** Goal of the exercise **
Within the material below, transcribe exactly the lines from the one holding "Block Diagram - Kinetic" through the one holding "QR code with", keeping both ends and skipping the rest.

** Data supplied **
★ ★ ★ ★
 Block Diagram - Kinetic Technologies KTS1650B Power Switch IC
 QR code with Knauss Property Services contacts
★ ★ ★ ★
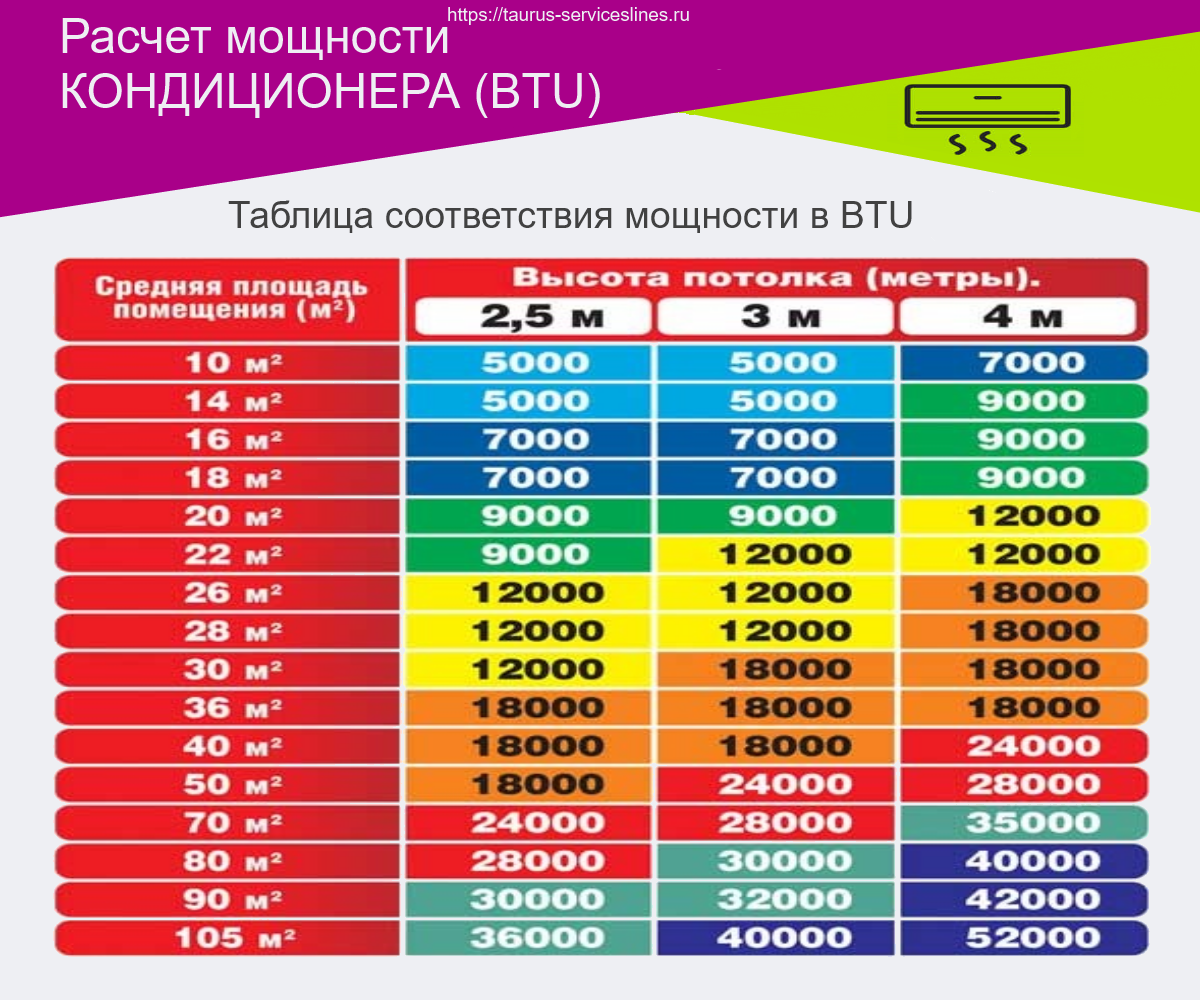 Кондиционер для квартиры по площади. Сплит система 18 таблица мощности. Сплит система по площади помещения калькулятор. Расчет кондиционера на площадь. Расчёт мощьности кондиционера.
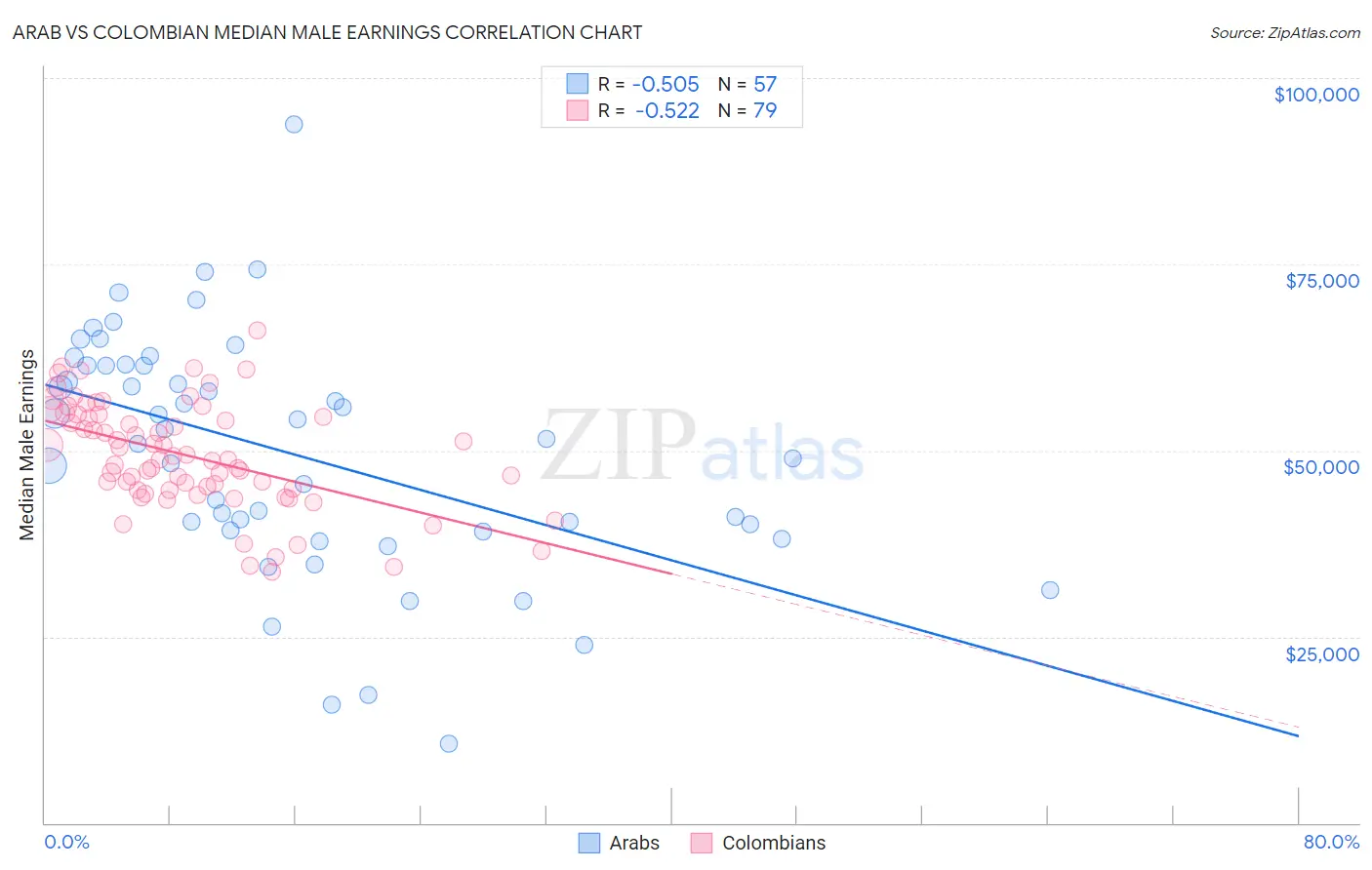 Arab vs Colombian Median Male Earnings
★ ★ ★ ★
** Task result **
 Block Diagram - Kinetic Technologies KTS1650B Power Switch IC
 QR code with Knauss Property Services contacts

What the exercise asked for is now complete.